In the entries below, print exactly the lines from the first through the one with "Eettafel Jesper Mangohout", both included, and none of the pictures.
RECORD SET section start
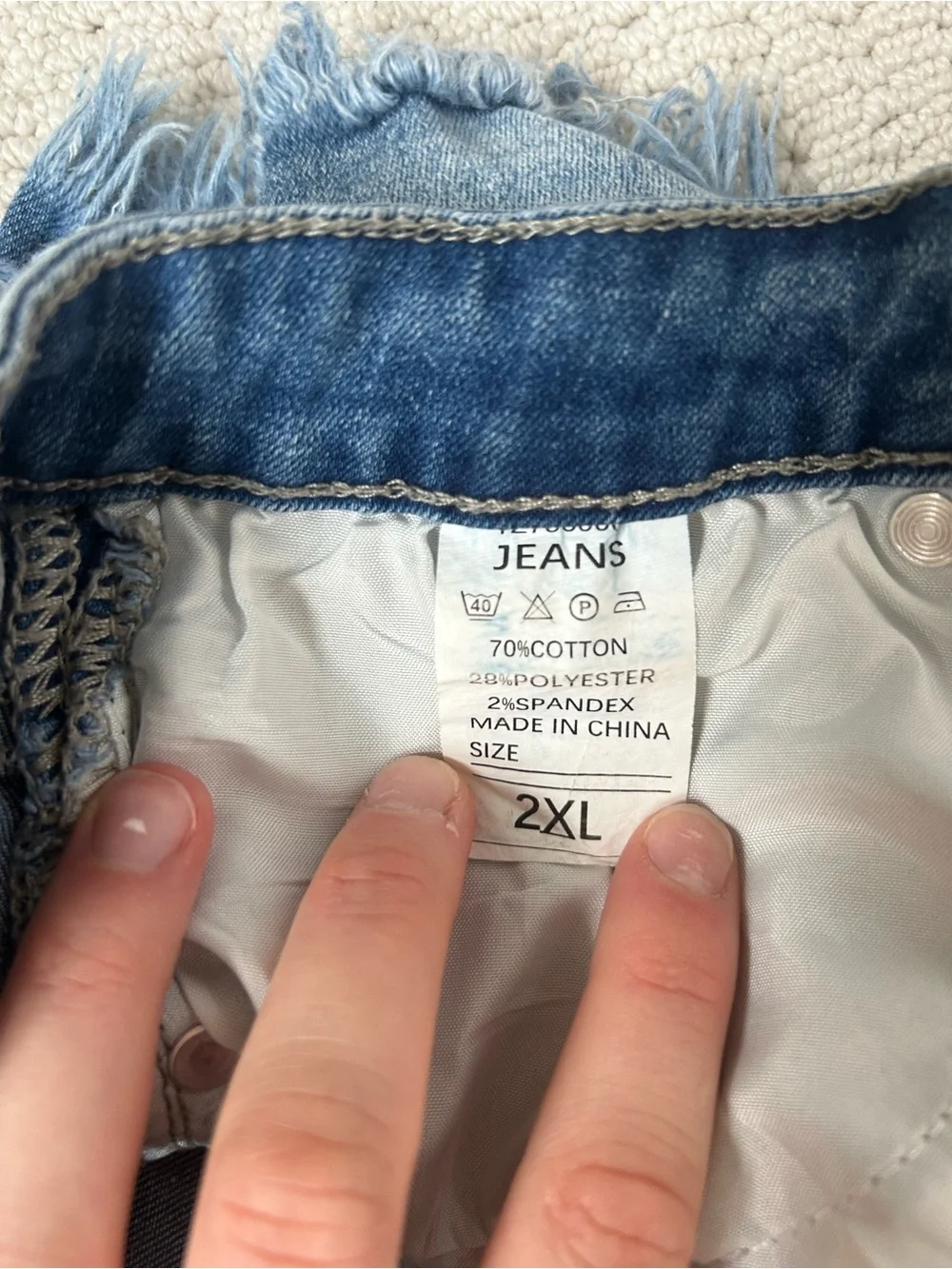 Distressed Blue Denim Women's Shorts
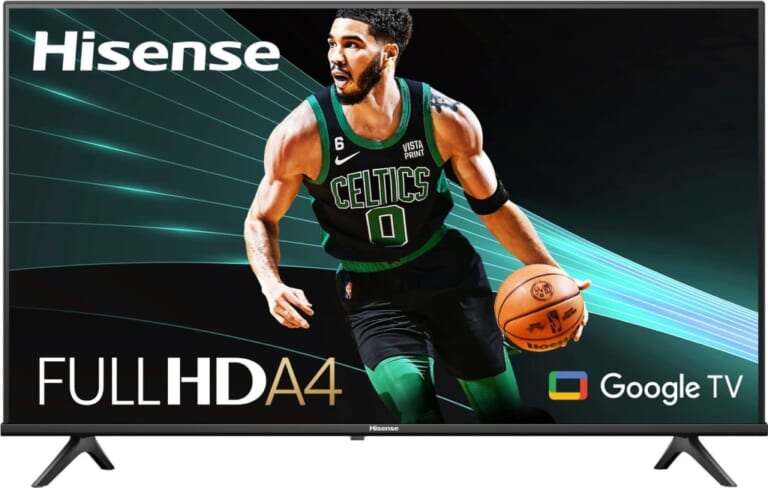 Hisense 40" 40A4K LED 1080p FHD Smart Google TV for $140 + free shipping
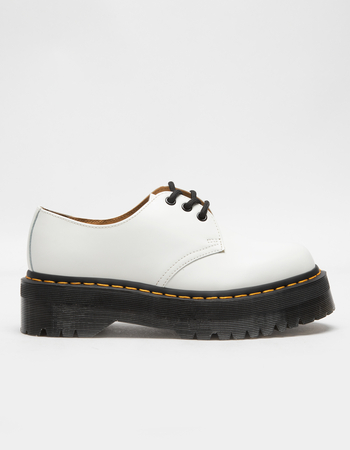 DR. MARTENS 1461 Quad Smooth Leather Womens Platform Shoes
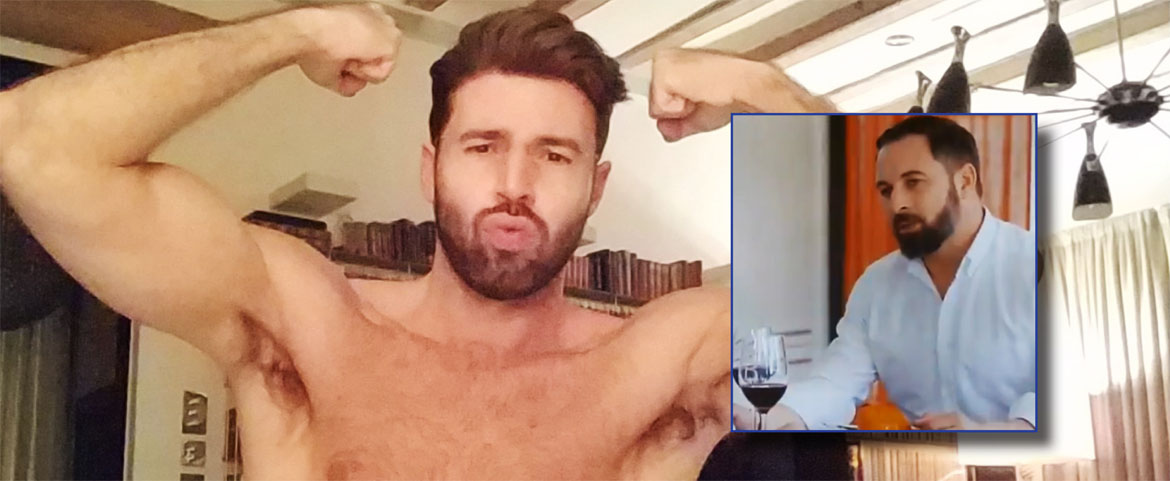 La porn star gay Dario Beck séduite par l’extrême droite espagnole et son viril leader Santiago Abascal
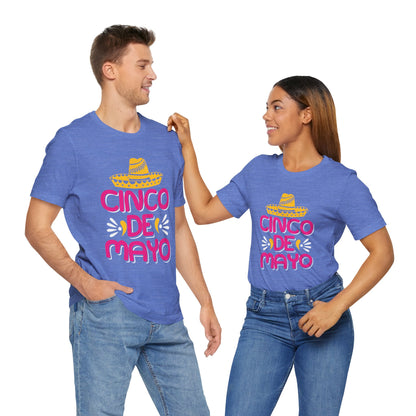 Cinco de Mayo Unisex Jersey Tee - Vibrant Celebration Shirt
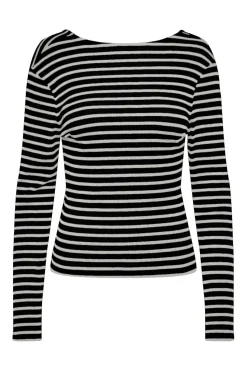 Hot Pieces Pcjuna Ls Top 4594273 Black Light Grey
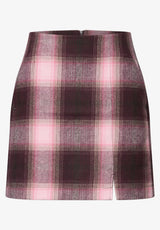 Rustic Rouge Street One nederdel med tern og sidelommer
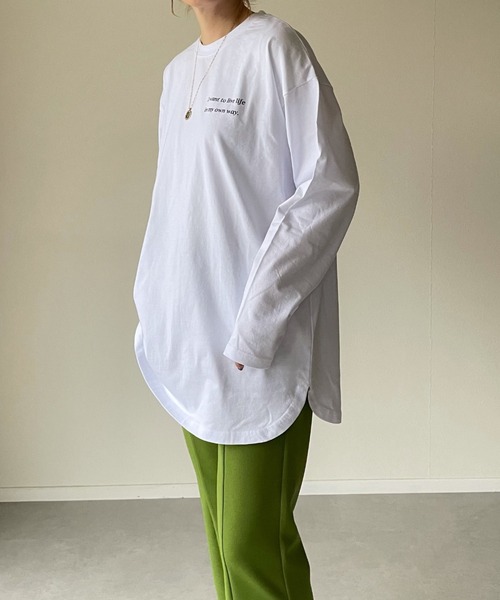 y/m by misato（イムバイミサト）の「my own way ロンT（Tシャツ/カットソー・レディース・ブラック/ホワイト/アイボリー・FREE）」の9枚目の写真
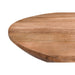 Eettafel Jesper Mangohout Naturel hout 130 cm 130x130x76 cm-Eettafels-Livingfurn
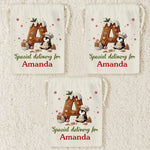 Custom Name Christmas Gingerbread Baking Gifts - Personalized Christmas Favor Bag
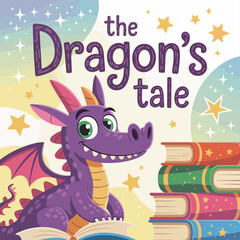 Book cover for kids illustration or coloring book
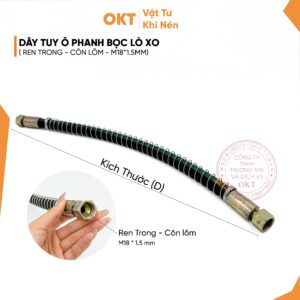 Dây Tuy Ô Hơi Bọc Lò Xo ( Côn Lồi- Ren Trong)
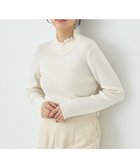 【アースミュージックアンドエコロジー/earth music&ecology】のレーシーハイネックリブプルオーバー Ivory|ID:prp329100004239400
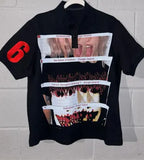Street Demon Skull Tide Brand New Printed T-Shirt Gothic High Street T-Shirt Round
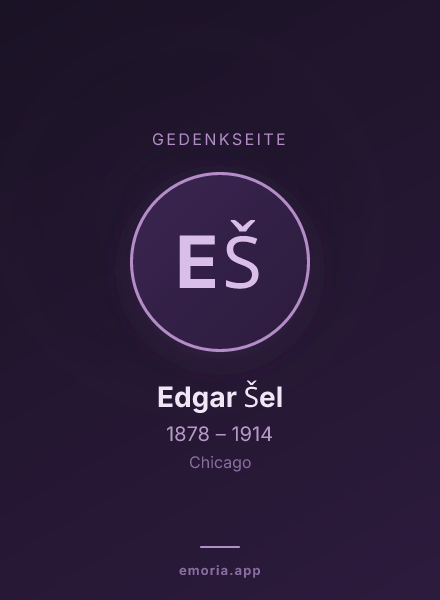Gedenkportrait von Edgar Šel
RECORD SET section end
» **ANSWER BELOW**:
 Distressed Blue Denim Women's Shorts
 Hisense 40" 40A4K LED 1080p FHD Smart Google TV for $140 + free shipping
 DR. MARTENS 1461 Quad Smooth Leather Womens Platform Shoes
 La porn star gay Dario Beck séduite par l’extrême droite espagnole et son viril leader Santiago Abascal
 Cinco de Mayo Unisex Jersey Tee - Vibrant Celebration Shirt
 Hot Pieces Pcjuna Ls Top 4594273 Black Light Grey
 Rustic Rouge Street One nederdel med tern og sidelommer
 y/m by misato（イムバイミサト）の「my own way ロンT（Tシャツ/カットソー・レディース・ブラック/ホワイト/アイボリー・FREE）」の9枚目の写真
 Eettafel Jesper Mangohout Naturel hout 130 cm 130x130x76 cm-Eettafels-Livingfurn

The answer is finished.